• YOUR INSTRUCTIONS: Copy the records below word for word, leaving out nothing.

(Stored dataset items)
+ + + +
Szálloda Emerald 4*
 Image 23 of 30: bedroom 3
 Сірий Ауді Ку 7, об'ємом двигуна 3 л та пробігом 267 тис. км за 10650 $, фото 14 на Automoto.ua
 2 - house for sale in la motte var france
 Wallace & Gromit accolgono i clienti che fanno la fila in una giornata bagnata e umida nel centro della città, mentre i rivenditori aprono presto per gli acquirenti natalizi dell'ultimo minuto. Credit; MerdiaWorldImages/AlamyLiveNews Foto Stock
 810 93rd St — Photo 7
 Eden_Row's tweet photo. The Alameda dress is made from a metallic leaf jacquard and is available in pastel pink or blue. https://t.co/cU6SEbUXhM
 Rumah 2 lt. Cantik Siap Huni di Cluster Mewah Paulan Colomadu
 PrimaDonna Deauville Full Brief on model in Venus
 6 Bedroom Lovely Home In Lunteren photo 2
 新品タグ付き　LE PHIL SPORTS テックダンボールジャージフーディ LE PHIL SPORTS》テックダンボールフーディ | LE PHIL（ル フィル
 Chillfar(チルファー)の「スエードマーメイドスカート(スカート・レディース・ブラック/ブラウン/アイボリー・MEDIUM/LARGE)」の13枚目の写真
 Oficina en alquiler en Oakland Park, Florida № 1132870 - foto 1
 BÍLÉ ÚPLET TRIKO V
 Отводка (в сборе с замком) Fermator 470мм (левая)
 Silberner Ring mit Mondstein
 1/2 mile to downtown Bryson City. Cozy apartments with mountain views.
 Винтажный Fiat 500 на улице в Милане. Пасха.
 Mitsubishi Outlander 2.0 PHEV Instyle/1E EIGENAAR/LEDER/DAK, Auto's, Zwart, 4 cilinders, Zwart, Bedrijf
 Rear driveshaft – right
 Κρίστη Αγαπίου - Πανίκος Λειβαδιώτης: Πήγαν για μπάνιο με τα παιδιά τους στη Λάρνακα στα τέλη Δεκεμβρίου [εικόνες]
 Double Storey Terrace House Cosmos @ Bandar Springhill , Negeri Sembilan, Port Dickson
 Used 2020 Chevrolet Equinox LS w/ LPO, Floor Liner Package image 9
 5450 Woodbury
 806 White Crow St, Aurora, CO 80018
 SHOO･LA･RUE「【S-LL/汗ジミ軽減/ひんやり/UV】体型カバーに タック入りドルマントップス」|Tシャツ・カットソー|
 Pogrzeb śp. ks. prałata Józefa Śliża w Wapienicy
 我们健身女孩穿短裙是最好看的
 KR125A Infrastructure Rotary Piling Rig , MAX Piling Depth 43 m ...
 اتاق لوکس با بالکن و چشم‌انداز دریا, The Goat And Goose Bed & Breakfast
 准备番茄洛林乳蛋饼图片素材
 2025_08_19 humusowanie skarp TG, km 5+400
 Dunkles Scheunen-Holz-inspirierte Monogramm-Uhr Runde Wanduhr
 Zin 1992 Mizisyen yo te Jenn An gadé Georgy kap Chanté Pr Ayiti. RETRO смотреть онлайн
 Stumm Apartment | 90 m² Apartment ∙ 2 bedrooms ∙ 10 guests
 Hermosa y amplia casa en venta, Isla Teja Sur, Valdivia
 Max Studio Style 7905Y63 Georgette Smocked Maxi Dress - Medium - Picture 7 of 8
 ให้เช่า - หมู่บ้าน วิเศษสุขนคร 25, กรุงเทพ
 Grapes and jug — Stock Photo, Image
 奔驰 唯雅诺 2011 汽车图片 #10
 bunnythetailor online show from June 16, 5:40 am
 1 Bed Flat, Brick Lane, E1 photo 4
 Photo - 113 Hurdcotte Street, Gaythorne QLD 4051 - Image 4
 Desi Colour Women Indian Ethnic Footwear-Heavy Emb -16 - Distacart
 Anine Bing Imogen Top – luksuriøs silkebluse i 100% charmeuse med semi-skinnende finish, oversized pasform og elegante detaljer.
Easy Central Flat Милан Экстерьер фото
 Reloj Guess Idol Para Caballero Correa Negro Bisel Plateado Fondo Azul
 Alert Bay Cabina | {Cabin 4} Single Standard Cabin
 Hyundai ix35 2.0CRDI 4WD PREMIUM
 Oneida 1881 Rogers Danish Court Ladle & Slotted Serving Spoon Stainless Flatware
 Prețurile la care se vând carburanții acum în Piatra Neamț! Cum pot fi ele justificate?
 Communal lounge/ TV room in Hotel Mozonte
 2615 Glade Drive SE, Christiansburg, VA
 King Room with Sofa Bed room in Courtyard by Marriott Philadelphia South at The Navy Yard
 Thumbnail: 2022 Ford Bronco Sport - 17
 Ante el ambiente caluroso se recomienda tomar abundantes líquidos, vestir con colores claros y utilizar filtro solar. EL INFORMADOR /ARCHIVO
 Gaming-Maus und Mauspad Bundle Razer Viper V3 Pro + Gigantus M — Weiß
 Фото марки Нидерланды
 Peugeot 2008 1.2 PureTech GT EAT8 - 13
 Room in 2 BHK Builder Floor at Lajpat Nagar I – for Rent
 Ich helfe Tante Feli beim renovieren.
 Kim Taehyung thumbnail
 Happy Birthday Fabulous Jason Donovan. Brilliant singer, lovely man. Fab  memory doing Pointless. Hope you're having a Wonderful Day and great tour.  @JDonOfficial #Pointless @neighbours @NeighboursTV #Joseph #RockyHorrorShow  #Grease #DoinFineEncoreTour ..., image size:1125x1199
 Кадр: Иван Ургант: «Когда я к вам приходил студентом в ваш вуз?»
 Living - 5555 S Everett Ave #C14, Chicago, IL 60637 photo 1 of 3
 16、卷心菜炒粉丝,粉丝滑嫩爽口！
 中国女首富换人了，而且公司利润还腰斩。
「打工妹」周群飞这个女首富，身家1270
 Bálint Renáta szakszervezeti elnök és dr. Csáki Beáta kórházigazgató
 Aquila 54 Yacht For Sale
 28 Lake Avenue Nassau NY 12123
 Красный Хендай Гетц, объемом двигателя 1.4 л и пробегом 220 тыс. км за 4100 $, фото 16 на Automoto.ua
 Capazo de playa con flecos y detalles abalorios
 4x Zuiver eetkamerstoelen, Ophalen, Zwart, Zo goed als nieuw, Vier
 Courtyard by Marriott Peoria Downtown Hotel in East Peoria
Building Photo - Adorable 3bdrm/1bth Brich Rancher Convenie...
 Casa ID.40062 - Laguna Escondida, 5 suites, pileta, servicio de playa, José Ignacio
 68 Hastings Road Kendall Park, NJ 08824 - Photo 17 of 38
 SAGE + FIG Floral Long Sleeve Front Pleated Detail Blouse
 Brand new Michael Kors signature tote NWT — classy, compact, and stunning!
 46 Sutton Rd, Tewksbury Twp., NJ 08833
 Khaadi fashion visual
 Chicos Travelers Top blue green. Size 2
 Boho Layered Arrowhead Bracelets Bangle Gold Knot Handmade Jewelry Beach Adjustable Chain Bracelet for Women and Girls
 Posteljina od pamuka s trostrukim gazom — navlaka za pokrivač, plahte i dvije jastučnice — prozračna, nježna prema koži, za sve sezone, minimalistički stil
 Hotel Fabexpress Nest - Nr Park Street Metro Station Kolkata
+ + + +
• TASK OUTPUT:
Szálloda Emerald 4*
 Image 23 of 30: bedroom 3
 Сірий Ауді Ку 7, об'ємом двигуна 3 л та пробігом 267 тис. км за 10650 $, фото 14 на Automoto.ua
 2 - house for sale in la motte var france
 Wallace & Gromit accolgono i clienti che fanno la fila in una giornata bagnata e umida nel centro della città, mentre i rivenditori aprono presto per gli acquirenti natalizi dell'ultimo minuto. Credit; MerdiaWorldImages/AlamyLiveNews Foto Stock
 810 93rd St — Photo 7
 Eden_Row's tweet photo. The Alameda dress is made from a metallic leaf jacquard and is available in pastel pink or blue. https://t.co/cU6SEbUXhM
 Rumah 2 lt. Cantik Siap Huni di Cluster Mewah Paulan Colomadu
 PrimaDonna Deauville Full Brief on model in Venus
 6 Bedroom Lovely Home In Lunteren photo 2
 新品タグ付き　LE PHIL SPORTS テックダンボールジャージフーディ LE PHIL SPORTS》テックダンボールフーディ | LE PHIL（ル フィル
 Chillfar(チルファー)の「スエードマーメイドスカート(スカート・レディース・ブラック/ブラウン/アイボリー・MEDIUM/LARGE)」の13枚目の写真
 Oficina en alquiler en Oakland Park, Florida № 1132870 - foto 1
 BÍLÉ ÚPLET TRIKO V
 Отводка (в сборе с замком) Fermator 470мм (левая)
 Silberner Ring mit Mondstein
 1/2 mile to downtown Bryson City. Cozy apartments with mountain views.
 Винтажный Fiat 500 на улице в Милане. Пасха.
 Mitsubishi Outlander 2.0 PHEV Instyle/1E EIGENAAR/LEDER/DAK, Auto's, Zwart, 4 cilinders, Zwart, Bedrijf
 Rear driveshaft – right
 Κρίστη Αγαπίου - Πανίκος Λειβαδιώτης: Πήγαν για μπάνιο με τα παιδιά τους στη Λάρνακα στα τέλη Δεκεμβρίου [εικόνες]
 Double Storey Terrace House Cosmos @ Bandar Springhill , Negeri Sembilan, Port Dickson
 Used 2020 Chevrolet Equinox LS w/ LPO, Floor Liner Package image 9
 5450 Woodbury
 806 White Crow St, Aurora, CO 80018
 SHOO･LA･RUE「【S-LL/汗ジミ軽減/ひんやり/UV】体型カバーに タック入りドルマントップス」|Tシャツ・カットソー|
 Pogrzeb śp. ks. prałata Józefa Śliża w Wapienicy
 我们健身女孩穿短裙是最好看的
 KR125A Infrastructure Rotary Piling Rig , MAX Piling Depth 43 m ...
 اتاق لوکس با بالکن و چشم‌انداز دریا, The Goat And Goose Bed & Breakfast
 准备番茄洛林乳蛋饼图片素材
 2025_08_19 humusowanie skarp TG, km 5+400
 Dunkles Scheunen-Holz-inspirierte Monogramm-Uhr Runde Wanduhr
 Zin 1992 Mizisyen yo te Jenn An gadé Georgy kap Chanté Pr Ayiti. RETRO смотреть онлайн
 Stumm Apartment | 90 m² Apartment ∙ 2 bedrooms ∙ 10 guests
 Hermosa y amplia casa en venta, Isla Teja Sur, Valdivia
 Max Studio Style 7905Y63 Georgette Smocked Maxi Dress - Medium - Picture 7 of 8
 ให้เช่า - หมู่บ้าน วิเศษสุขนคร 25, กรุงเทพ
 Grapes and jug — Stock Photo, Image
 奔驰 唯雅诺 2011 汽车图片 #10
 bunnythetailor online show from June 16, 5:40 am
 1 Bed Flat, Brick Lane, E1 photo 4
 Photo - 113 Hurdcotte Street, Gaythorne QLD 4051 - Image 4
 Desi Colour Women Indian Ethnic Footwear-Heavy Emb -16 - Distacart
 Anine Bing Imogen Top – luksuriøs silkebluse i 100% charmeuse med semi-skinnende finish, oversized pasform og elegante detaljer.
Easy Central Flat Милан Экстерьер фото
 Reloj Guess Idol Para Caballero Correa Negro Bisel Plateado Fondo Azul
 Alert Bay Cabina | {Cabin 4} Single Standard Cabin
 Hyundai ix35 2.0CRDI 4WD PREMIUM
 Oneida 1881 Rogers Danish Court Ladle & Slotted Serving Spoon Stainless Flatware
 Prețurile la care se vând carburanții acum în Piatra Neamț! Cum pot fi ele justificate?
 Communal lounge/ TV room in Hotel Mozonte
 2615 Glade Drive SE, Christiansburg, VA
 King Room with Sofa Bed room in Courtyard by Marriott Philadelphia South at The Navy Yard
 Thumbnail: 2022 Ford Bronco Sport - 17
 Ante el ambiente caluroso se recomienda tomar abundantes líquidos, vestir con colores claros y utilizar filtro solar. EL INFORMADOR /ARCHIVO
 Gaming-Maus und Mauspad Bundle Razer Viper V3 Pro + Gigantus M — Weiß
 Фото марки Нидерланды
 Peugeot 2008 1.2 PureTech GT EAT8 - 13
 Room in 2 BHK Builder Floor at Lajpat Nagar I – for Rent
 Ich helfe Tante Feli beim renovieren.
 Kim Taehyung thumbnail
 Happy Birthday Fabulous Jason Donovan. Brilliant singer, lovely man. Fab  memory doing Pointless. Hope you're having a Wonderful Day and great tour.  @JDonOfficial #Pointless @neighbours @NeighboursTV #Joseph #RockyHorrorShow  #Grease #DoinFineEncoreTour ..., image size:1125x1199
 Кадр: Иван Ургант: «Когда я к вам приходил студентом в ваш вуз?»
 Living - 5555 S Everett Ave #C14, Chicago, IL 60637 photo 1 of 3
 16、卷心菜炒粉丝,粉丝滑嫩爽口！
 中国女首富换人了，而且公司利润还腰斩。
「打工妹」周群飞这个女首富，身家1270
 Bálint Renáta szakszervezeti elnök és dr. Csáki Beáta kórházigazgató
 Aquila 54 Yacht For Sale
 28 Lake Avenue Nassau NY 12123
 Красный Хендай Гетц, объемом двигателя 1.4 л и пробегом 220 тыс. км за 4100 $, фото 16 на Automoto.ua
 Capazo de playa con flecos y detalles abalorios
 4x Zuiver eetkamerstoelen, Ophalen, Zwart, Zo goed als nieuw, Vier
 Courtyard by Marriott Peoria Downtown Hotel in East Peoria
Building Photo - Adorable 3bdrm/1bth Brich Rancher Convenie...
 Casa ID.40062 - Laguna Escondida, 5 suites, pileta, servicio de playa, José Ignacio
 68 Hastings Road Kendall Park, NJ 08824 - Photo 17 of 38
 SAGE + FIG Floral Long Sleeve Front Pleated Detail Blouse
 Brand new Michael Kors signature tote NWT — classy, compact, and stunning!
 46 Sutton Rd, Tewksbury Twp., NJ 08833
 Khaadi fashion visual
 Chicos Travelers Top blue green. Size 2
 Boho Layered Arrowhead Bracelets Bangle Gold Knot Handmade Jewelry Beach Adjustable Chain Bracelet for Women and Girls
 Posteljina od pamuka s trostrukim gazom — navlaka za pokrivač, plahte i dvije jastučnice — prozračna, nježna prema koži, za sve sezone, minimalistički stil
 Hotel Fabexpress Nest - Nr Park Street Metro Station Kolkata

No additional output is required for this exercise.